The following is an extract from an interview by Rohini Malik Okon.

• So did you have particular expectations at the outset?

I had quite a lot of expectations of myself. I basically stocked up on tapes and film like mad, and I really felt that when I’m there, and I was there for four weeks, I couldn’t take any time off. First of all when I arrived, it was the family and all of that, and then the next morning I was hooking up my microphones, doing the camera and I started recording because I felt that time was so precious. Also, I didn’t really have a plan, but I knew that I didn’t want it to be a documentary about my mother. I wanted to make it very clear to my mum and to the two women she works with what I was doing, and it was really difficult, and also to my sister because I was staying in the same room with my sister, and my mum slept in the same room where she sewed. It was quite a cramped situation, but I wanted it to be cramped, I didn’t want to stay in a hotel and visit because that wasn’t really the point. So that lack of space was part of the project, to see how far I could go before I cracked! But the crack was important, I wanted to crack!

• How did your mother feel about your making work in her flat around her tailoring business?
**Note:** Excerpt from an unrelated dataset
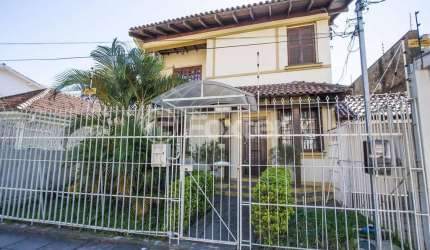 Casa com 4 quartos à venda na Rua Barão de Cerro Largo, 56 e 58, Menino Deus, Porto Alegre, 330 m2 por R$ 1.590.000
She took it on almost like a project manager, which was a bit worrying. She really wanted it to be successful, so like when she knew she had some customers coming she’d be come on Margareta you have to get your gear ready, to a point where it was like okay relax, I’ve got it under control. So negotiating that relationship…you know I’ve never worked with my mother, I’ve actually avoided every possibility to work with her, but I felt that our relationship had grown stronger over the years and that I was able to work with her. So she was more than fine, she was really up for it and really took it on. But I was also wondering, well mothers would take things on for their children and there was a sense that she would do anything for me and I didn’t want to abuse that sense either. It did make me think about how much a mother is willing to sacrifice, and if I’m a mother one day will my sacrifice be as committed as hers and I don’t think so. There are a lot of questions which I can’t even show yet, there are no visuals for them.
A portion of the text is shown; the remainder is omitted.